### [YOUR INSTRUCTIONS]
The listing needs restating word for word.
======== GIVEN DATA
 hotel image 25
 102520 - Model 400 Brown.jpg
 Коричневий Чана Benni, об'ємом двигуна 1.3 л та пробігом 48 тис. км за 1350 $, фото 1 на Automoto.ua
================
### [ANSWER BELOW]
 hotel image 25
 102520 - Model 400 Brown.jpg
 Коричневий Чана Benni, об'ємом двигуна 1.3 л та пробігом 48 тис. км за 1350 $, фото 1 на Automoto.ua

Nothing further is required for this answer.